**Exercise aim**
Transcribe all data verbatim. Skip the pictures.

**Given records**
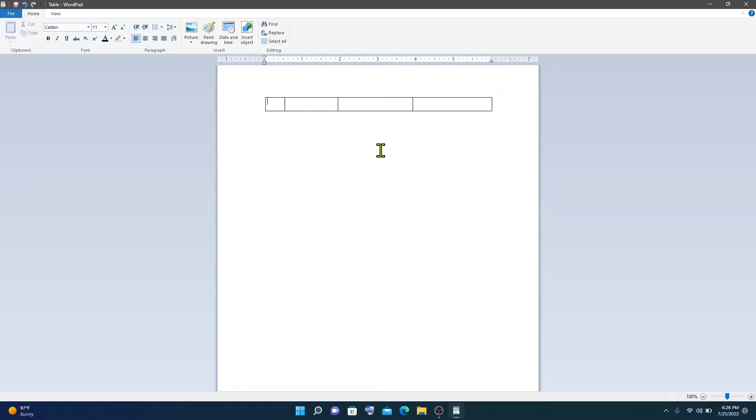And to create additional rows, click at the end of the row that you just created and press Enter.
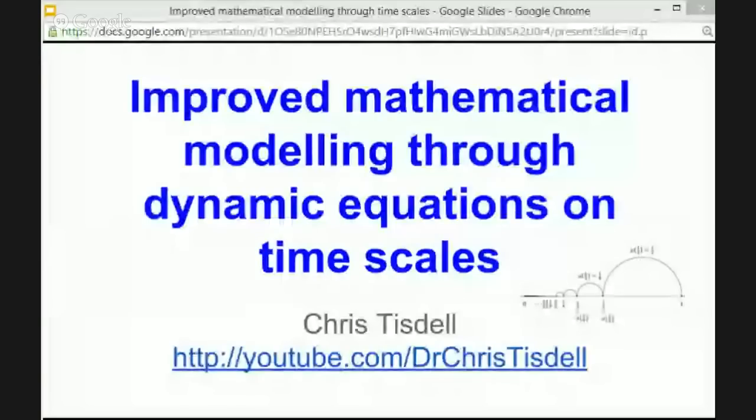Hi everyone, Chris Tisdell here again, thanks for tuning in. In this presentation I'm going to answer a few of the most common questions I get — questions like: what are you working on at the moment, what do you do, do you have any projects that I can work with you on, do you have any internships or summer work that I can help you on? So I'm going to talk about a particular area of interest called dynamic equations on time scales. This is a very low-level talk — you don't need any mathematics to understand it, and it'll be a short one.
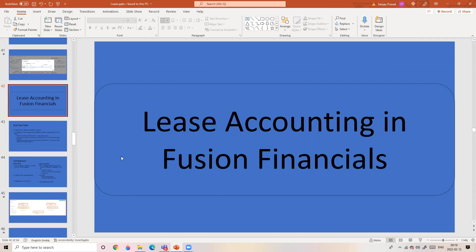It will be a series of multiple sessions. In today's first session, I would like to cover the basics — what Lease Accounting is and why this module exists in Fusion Financials. I will also cover how to enable Lease Accounting in Fusion Financials. That's what we are going to cover today.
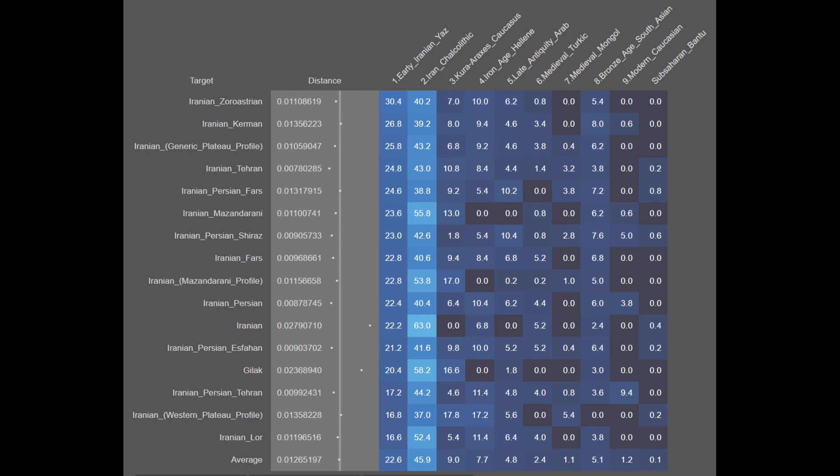Here is the admixture panel for modern day Iranians. On average they are 22.6% Yazarian-derived, 45.9% Iran Chalcolytic, 9.0% Khuraraxiv Caucasian, 7.7% Ancient Hellenic, 4.8% Late Antique Arab, 2.4% Medieval Turkic, 1.1% Medieval Mongol, 5.1% Bronze Age South Asian, 1.2% Modern Caucasian, and 0.1% Bantu. What you can see is that the descent mostly comes from a Yaz Aryan and Iran Chalcolytic source, with only minimal foreign ancestry, and most of the Caucasian ancestry comes from an ancient source.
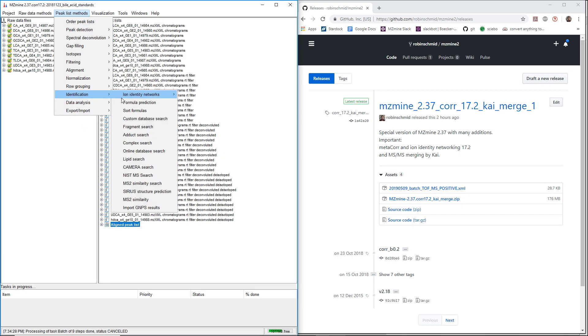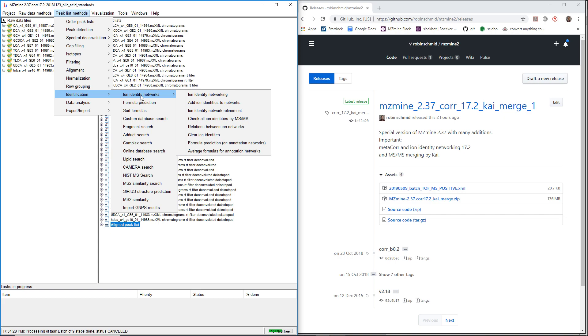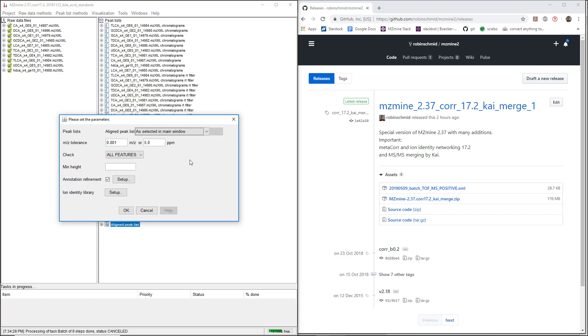Based on this, we apply ion identity networking to find different ions of the same molecule, to find different adducts or in-source fragments, multimers, and so on. The basis is the ion identity networking module.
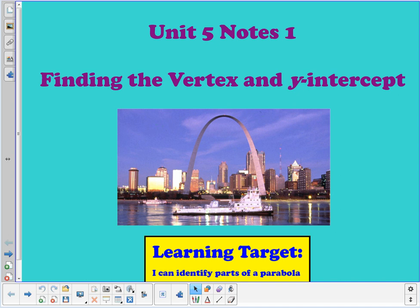Hey guys, it's Ms. Johnson and I'm here to bring you our first video for Unit 5. Unit 5 moves into quadratic equations. So today our learning target is: I can identify parts of a parabola.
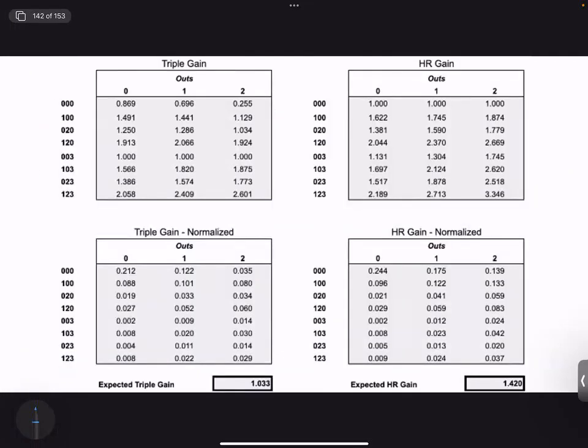We can do this for all different triple and home run configurations. We see that the gain from a home run with bases loaded is not that much more than from a triple with bases loaded, because with a runner on third and no outs it's quite likely that runner scores. But with bases loaded and two outs, it's 2.6 for the triple's net change versus 3.3 for the home run — a more sizeable difference.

**Solution to the exercise**
And to create additional rows, click at the end of the row that you just created and press Enter.
Hi everyone, Chris Tisdell here again, thanks for tuning in. In this presentation I'm going to answer a few of the most common questions I get — questions like: what are you working on at the moment, what do you do, do you have any projects that I can work with you on, do you have any internships or summer work that I can help you on? So I'm going to talk about a particular area of interest called dynamic equations on time scales. This is a very low-level talk — you don't need any mathematics to understand it, and it'll be a short one.
It will be a series of multiple sessions. In today's first session, I would like to cover the basics — what Lease Accounting is and why this module exists in Fusion Financials. I will also cover how to enable Lease Accounting in Fusion Financials. That's what we are going to cover today.
Here is the admixture panel for modern day Iranians. On average they are 22.6% Yazarian-derived, 45.9% Iran Chalcolytic, 9.0% Khuraraxiv Caucasian, 7.7% Ancient Hellenic, 4.8% Late Antique Arab, 2.4% Medieval Turkic, 1.1% Medieval Mongol, 5.1% Bronze Age South Asian, 1.2% Modern Caucasian, and 0.1% Bantu. What you can see is that the descent mostly comes from a Yaz Aryan and Iran Chalcolytic source, with only minimal foreign ancestry, and most of the Caucasian ancestry comes from an ancient source.
Based on this, we apply ion identity networking to find different ions of the same molecule, to find different adducts or in-source fragments, multimers, and so on. The basis is the ion identity networking module.
Hey guys, it's Ms. Johnson and I'm here to bring you our first video for Unit 5. Unit 5 moves into quadratic equations. So today our learning target is: I can identify parts of a parabola.
We can do this for all different triple and home run configurations. We see that the gain from a home run with bases loaded is not that much more than from a triple with bases loaded, because with a runner on third and no outs it's quite likely that runner scores. But with bases loaded and two outs, it's 2.6 for the triple's net change versus 3.3 for the home run — a more sizeable difference.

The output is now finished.